X-ray spectroscopy is one of our main tools for studying the physical and chemical properties of the intracluster, intragroup, circumgalactic, and intergalactic media, and understanding their connection, interaction, and evolution.
After more than 20 years of operation of Chandra and XMM-Newton, and a decade of Suzaku being in orbit, we have learned a great deal about the physics and chemistry of galaxy cluster cores, even reaching out to the outskirts of a few of the nearest brightest systems. I will first review some highlights of these past results, and then discuss how ongoing and upcoming sensitive wide-area surveys and the higher spectral resolution integral field spectroscopy capabilities on future satellites will push our study of gaseous haloes to new frontiers.
BIO
Dr. Aurora Simionescu got her PhD from Ludwig Maximilians University Munich in 2009. She was a Visiting Scholar at Harvard-Smithsonian Center for Astrophysics during 2007-2008, an Einstein Postdoctoral Research Fellow at Stanford University from 2009 to 2013, an International Top Young Fellow at Japan Aerospace Exploration Agency (JAXA) during 2013-2016, and Associate Professor at JAXA during 2016-2018, then she worked as Scientist A at SRON Netherlands Institute for Space Research, became a tenured Senior Researcher at SRON since this September.

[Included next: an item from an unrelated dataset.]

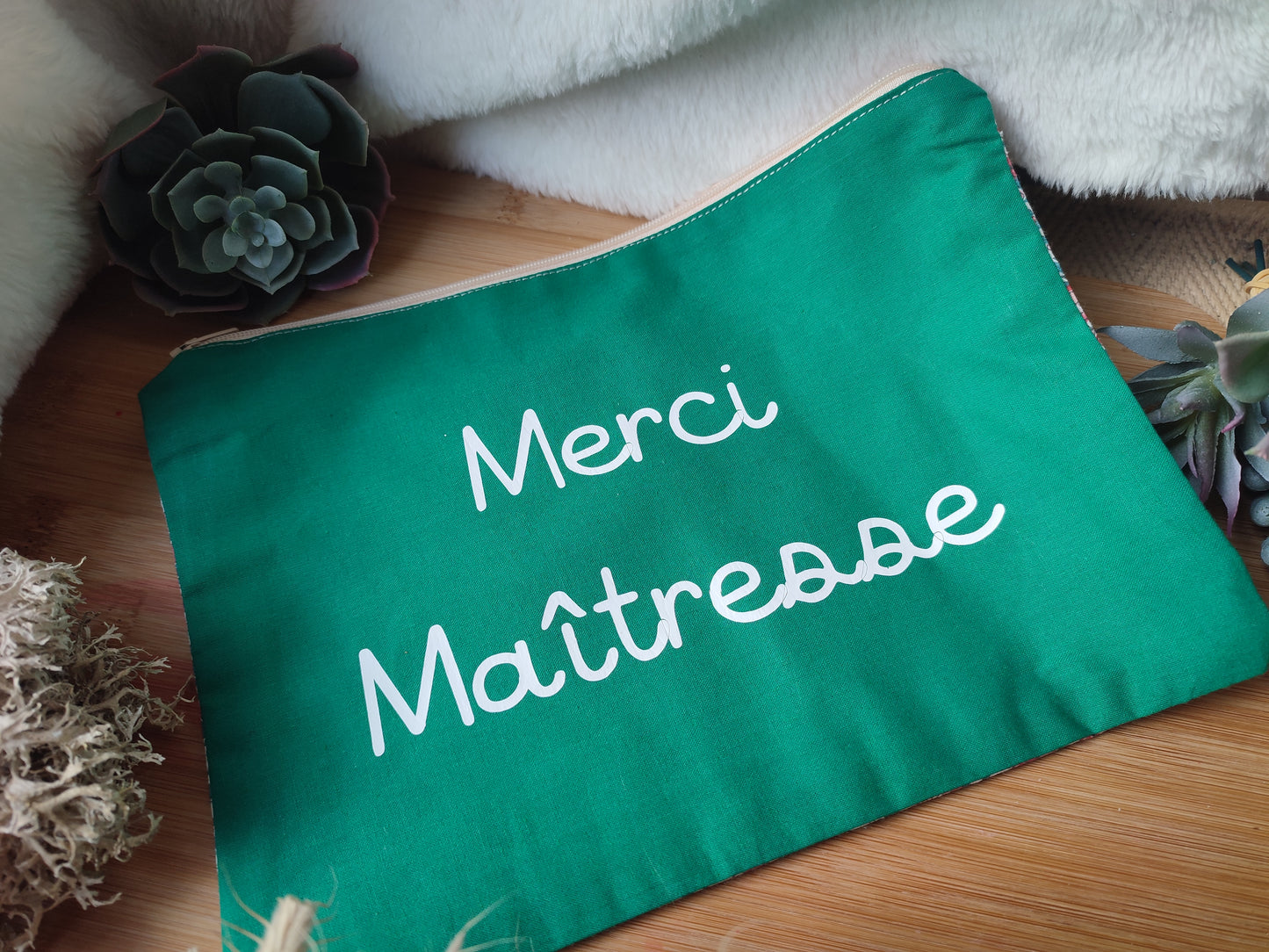 Pochette Merci maîtresse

Dr. Aurora Simionescu's main research interests are related to the physics of the hot plasma in clusters of galaxies, the largest virialized objects in the universe. She focuses on the physics of the X-ray emitting gas in clusters of galaxies, from the smallest to the largest scales. During her PhD, she studied how the central black hole in the brightest cluster galaxy interacts with the intracluster medium; later on, she focused more on the outer edges of clusters of galaxies, trying to understand how these objects grow by accreting matter from the surrounding large-scale structure.